**Records supplied**

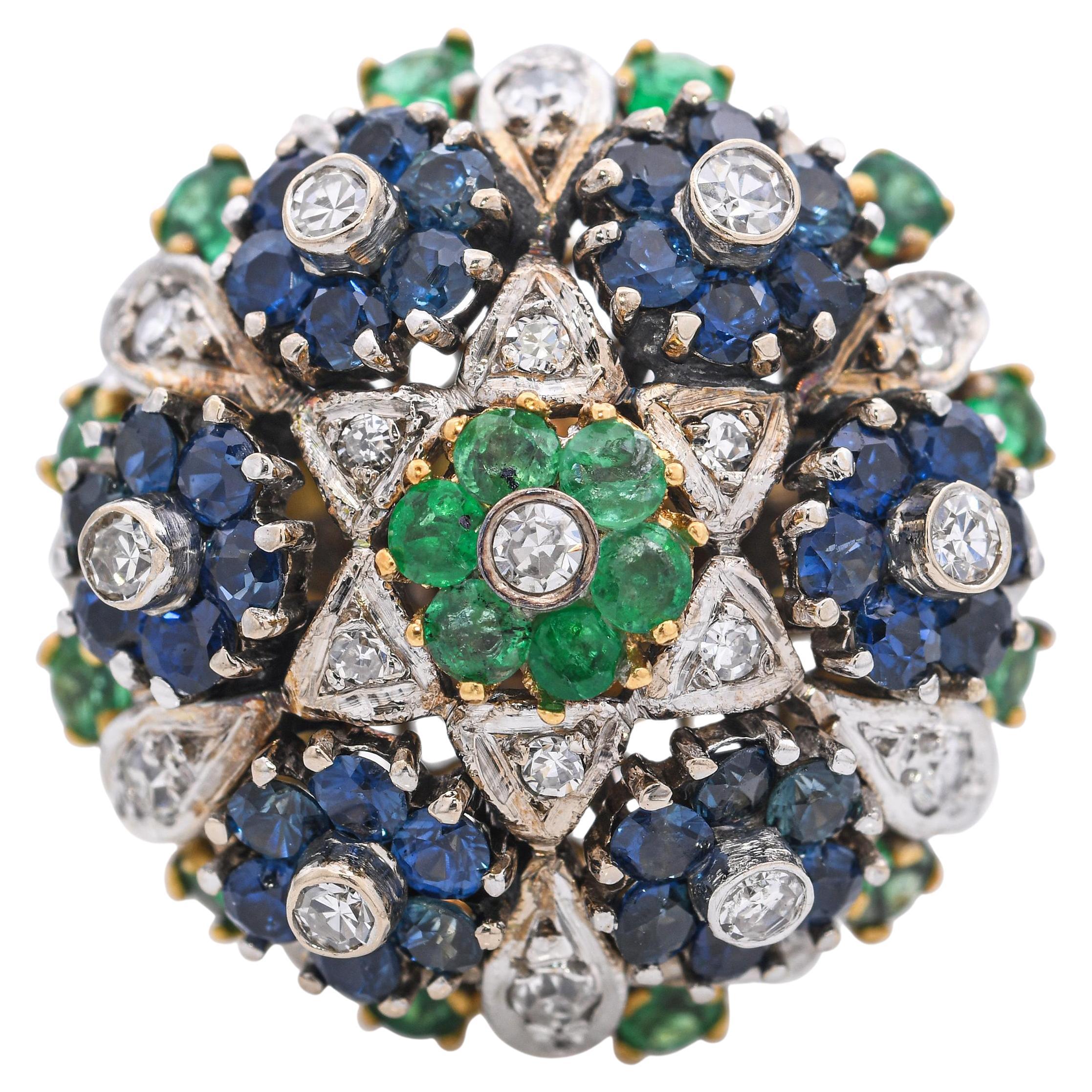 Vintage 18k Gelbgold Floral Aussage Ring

---

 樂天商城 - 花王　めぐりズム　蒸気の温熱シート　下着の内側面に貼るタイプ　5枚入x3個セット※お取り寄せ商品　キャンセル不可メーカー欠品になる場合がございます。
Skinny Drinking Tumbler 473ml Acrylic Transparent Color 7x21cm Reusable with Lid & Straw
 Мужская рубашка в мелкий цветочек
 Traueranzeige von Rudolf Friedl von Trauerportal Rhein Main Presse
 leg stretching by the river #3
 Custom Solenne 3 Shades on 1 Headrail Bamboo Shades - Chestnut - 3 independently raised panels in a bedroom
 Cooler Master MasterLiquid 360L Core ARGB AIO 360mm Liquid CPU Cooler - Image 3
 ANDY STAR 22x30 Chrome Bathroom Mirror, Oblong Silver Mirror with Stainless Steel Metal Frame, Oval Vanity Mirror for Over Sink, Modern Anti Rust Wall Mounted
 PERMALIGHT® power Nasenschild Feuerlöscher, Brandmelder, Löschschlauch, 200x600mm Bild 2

**Your instructions**
Taking the entries above, restate exactly those lines that fall between the line with "Custom Solenne 3" and the line with "PERMALIGHT® power Nasenschild", keeping both of those lines too.

**Response for this exercise**
 Custom Solenne 3 Shades on 1 Headrail Bamboo Shades - Chestnut - 3 independently raised panels in a bedroom
 Cooler Master MasterLiquid 360L Core ARGB AIO 360mm Liquid CPU Cooler - Image 3
 ANDY STAR 22x30 Chrome Bathroom Mirror, Oblong Silver Mirror with Stainless Steel Metal Frame, Oval Vanity Mirror for Over Sink, Modern Anti Rust Wall Mounted
 PERMALIGHT® power Nasenschild Feuerlöscher, Brandmelder, Löschschlauch, 200x600mm Bild 2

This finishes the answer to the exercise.